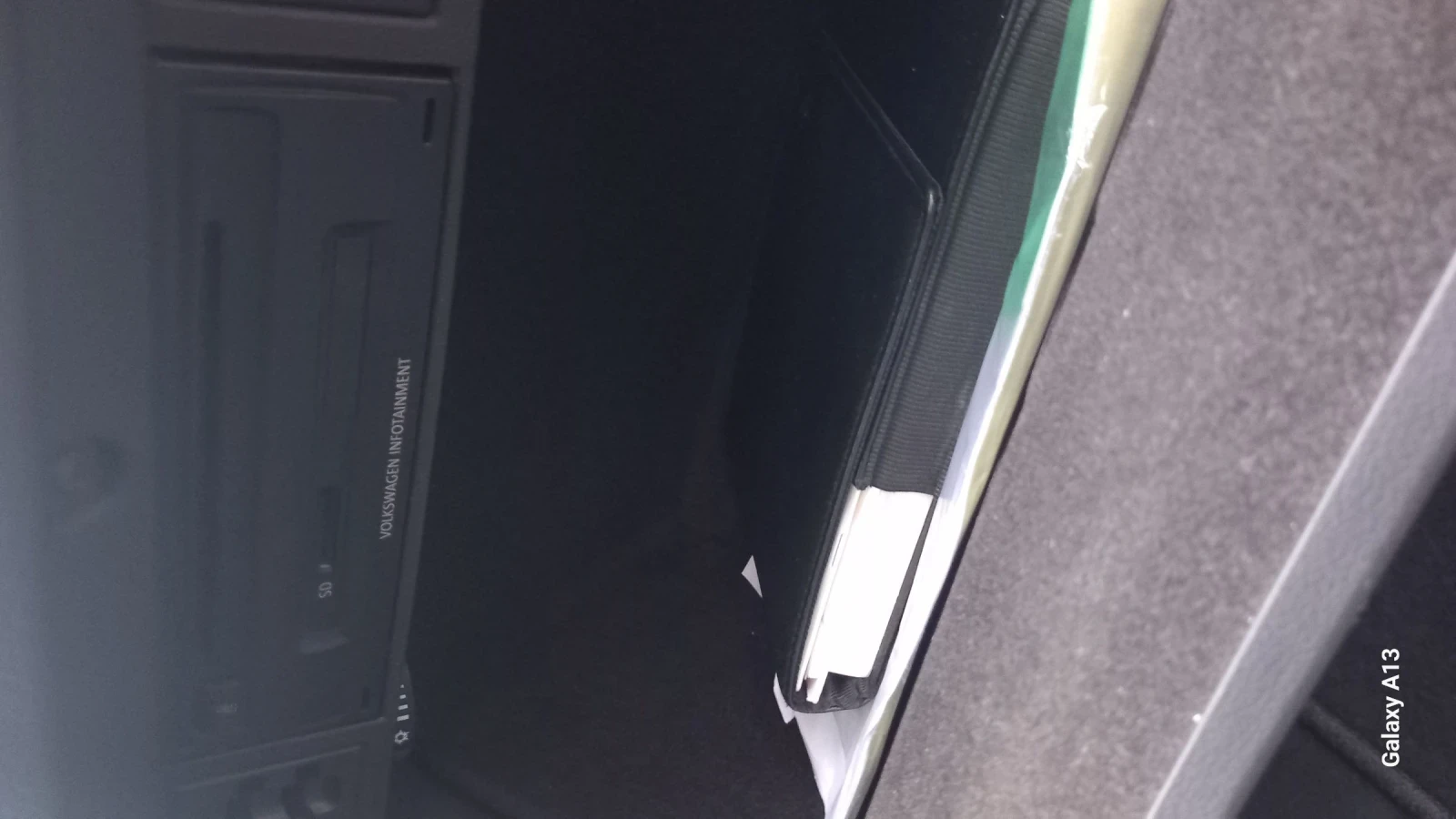 VW Golf 1.4 TSI R-Line. , снимка 16 - Автомобили и джипове - 54337137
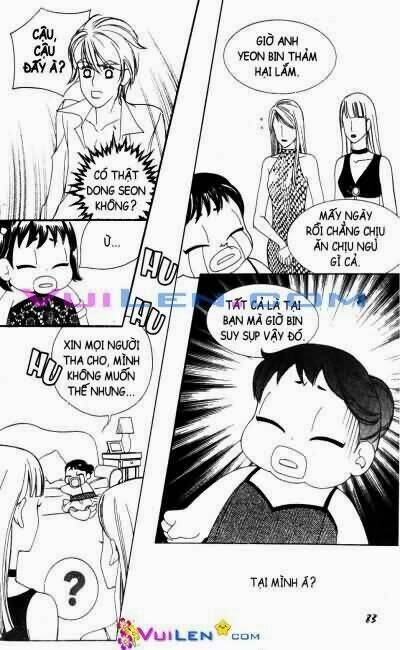 phép màu chapter 6 83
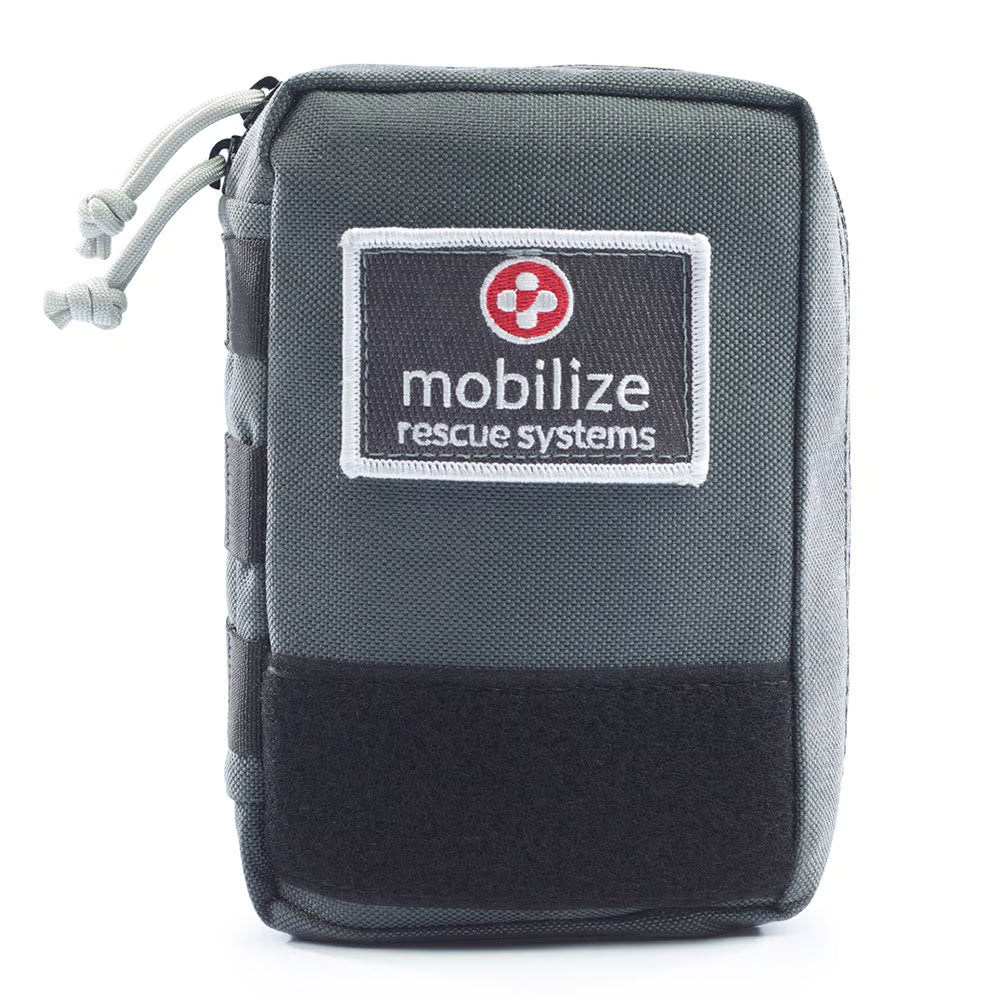 Zoll Mobilize Rescue System, Compact | All Security Equipment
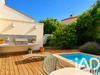 Ma-Cabane - Vente Maison Saleilles, 149 m²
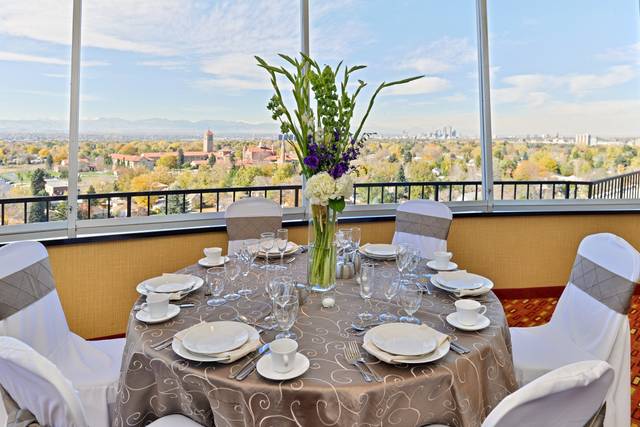 Table setting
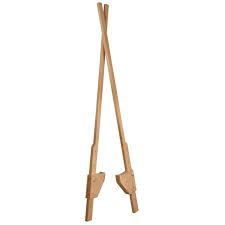 When I Was A Kid My Grandfather Made Me A Pair Of Wooden Stilts Like This My Childhood Memories Childhood Memories Childhood Toys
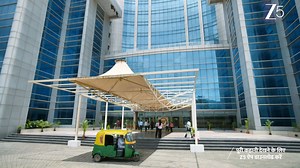 Kya ek rumaal laayega Arya ke saamne Jalandhar ki saazishon ka sach? Dekhiye #TummSeTummTak har roz, raat 8:30 baje, sirf #ZeeTV par. #Arya #Anu #Neel #Jalandhar #ZeeTvWebisodes #TrendingOnZee #AapkaApnaZeeTV | ZEE TV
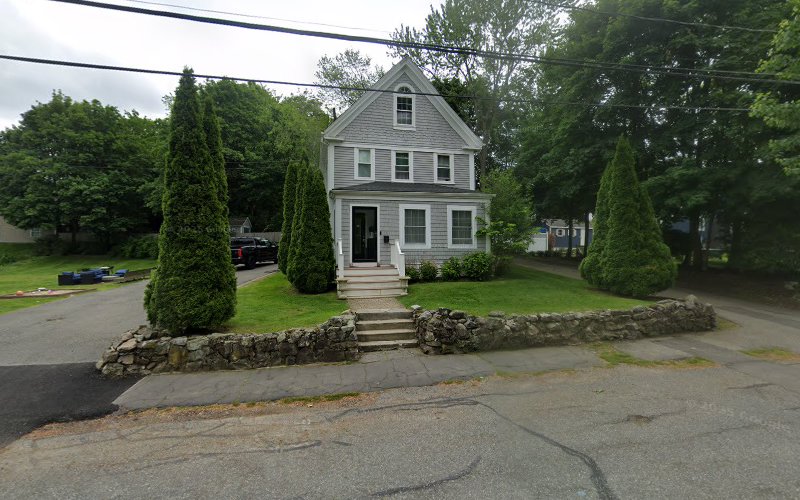 Bauman Remodeling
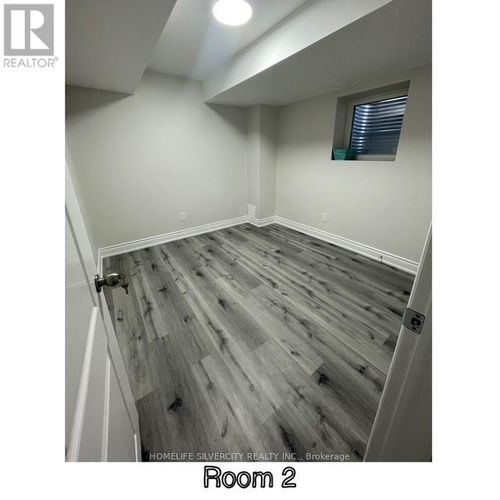 bsmt-18 Keeleview Crescent, Brampton (Sandringham-Wellington), ON, L6R0H3 | Card Image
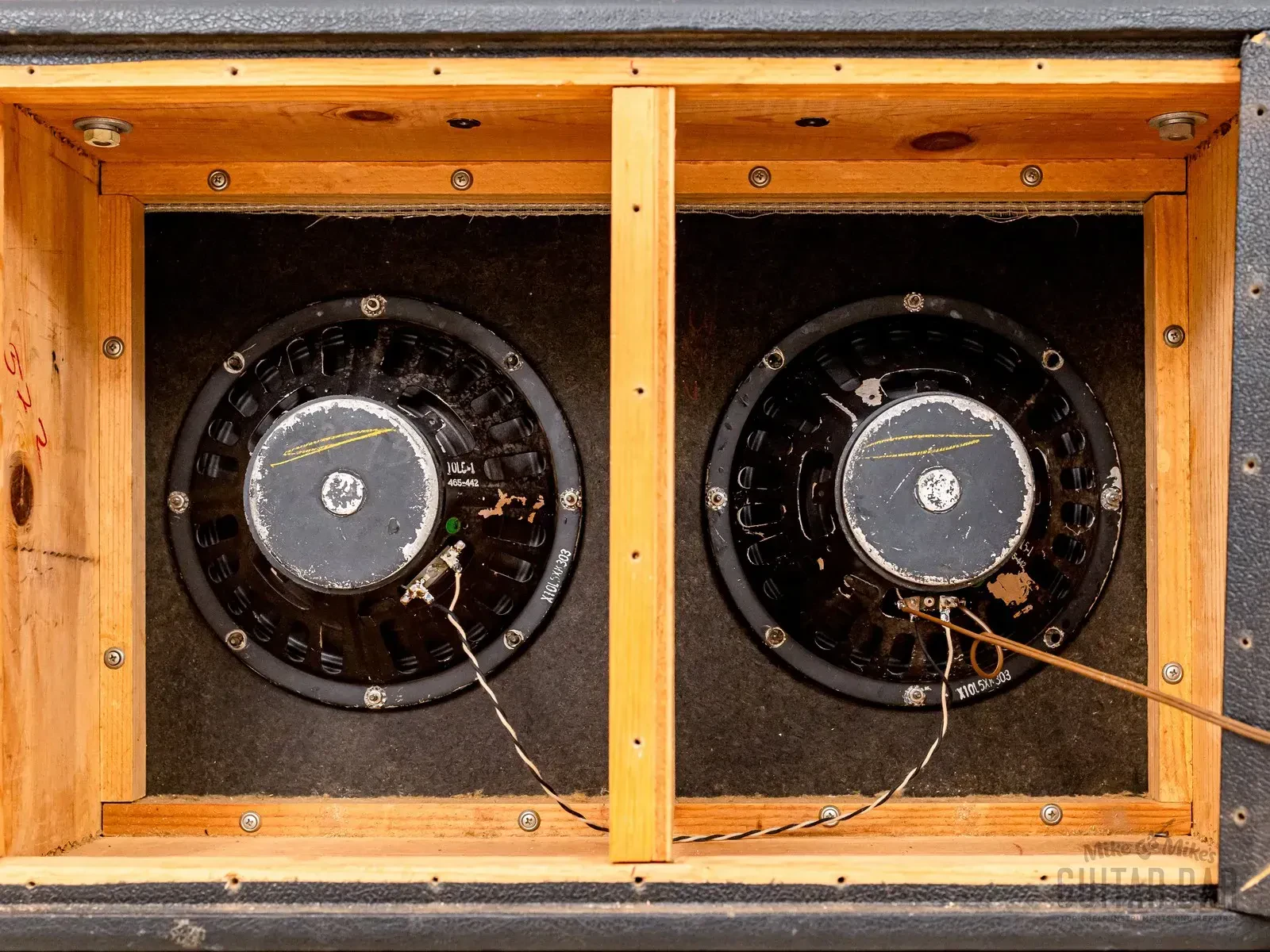 Изображение №8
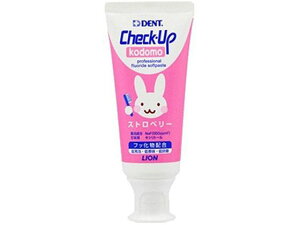CI DENT. `FbNAbv Rh Xgx[ 60g ݂͂ qp I[PA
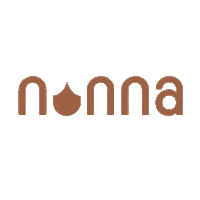 Coffee Espresso Sticker by stelios koutroumpanos
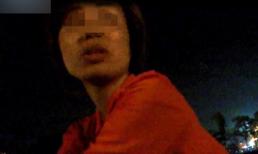 Bí mật nổi da gà của thế giới "mại dâm bãi cỏ" Hà thành (P3)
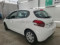 preview Peugeot 208 #1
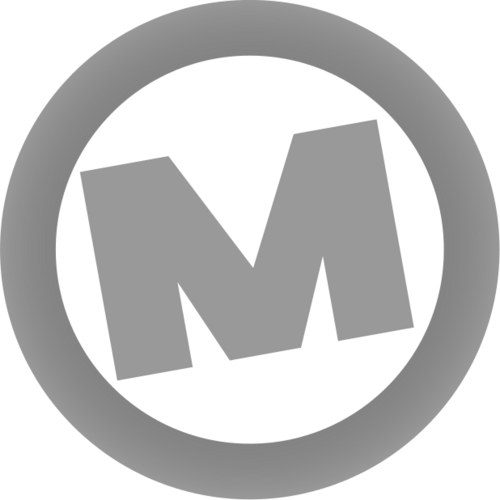 MultiToolsDIY's profile picture. No nonsens Online ToolShop.
Tweets met en zonder nonsens.
Uit Lembeke in het Meetjesland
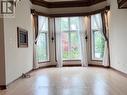 49 Forester Crescent, Markham, ON 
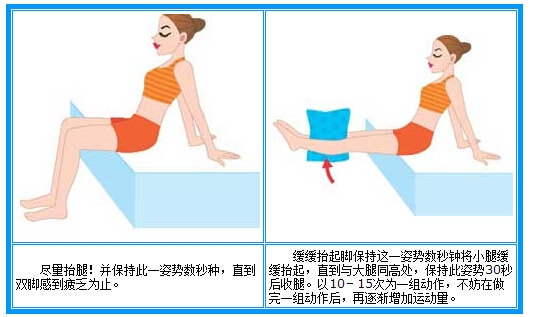 點擊進入下一頁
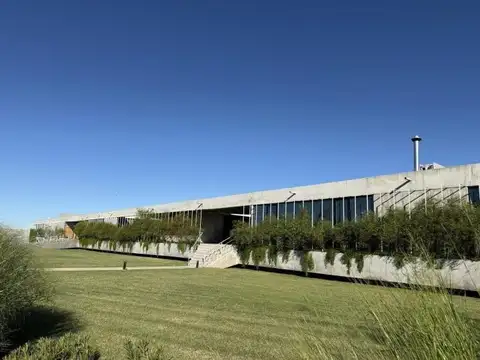 Terreno en Venta en Funes, Rosario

——

> PROBLEM REQUIREMENTS: Print the whole listing again exactly, please. No pictures.

> WRITTEN RESPONSE:
 VW Golf 1.4 TSI R-Line. , снимка 16 - Автомобили и джипове - 54337137
 phép màu chapter 6 83
 Zoll Mobilize Rescue System, Compact | All Security Equipment
 Ma-Cabane - Vente Maison Saleilles, 149 m²
 Table setting
 When I Was A Kid My Grandfather Made Me A Pair Of Wooden Stilts Like This My Childhood Memories Childhood Memories Childhood Toys
 Kya ek rumaal laayega Arya ke saamne Jalandhar ki saazishon ka sach? Dekhiye #TummSeTummTak har roz, raat 8:30 baje, sirf #ZeeTV par. #Arya #Anu #Neel #Jalandhar #ZeeTvWebisodes #TrendingOnZee #AapkaApnaZeeTV | ZEE TV
 Bauman Remodeling
 bsmt-18 Keeleview Crescent, Brampton (Sandringham-Wellington), ON, L6R0H3 | Card Image
 Изображение №8
CI DENT. `FbNAbv Rh Xgx[ 60g ݂͂ qp I[PA
 Coffee Espresso Sticker by stelios koutroumpanos
 Bí mật nổi da gà của thế giới "mại dâm bãi cỏ" Hà thành (P3)
 preview Peugeot 208 #1
 MultiToolsDIY's profile picture. No nonsens Online ToolShop.
Tweets met en zonder nonsens.
Uit Lembeke in het Meetjesland
 49 Forester Crescent, Markham, ON 
 點擊進入下一頁
 Terreno en Venta en Funes, Rosario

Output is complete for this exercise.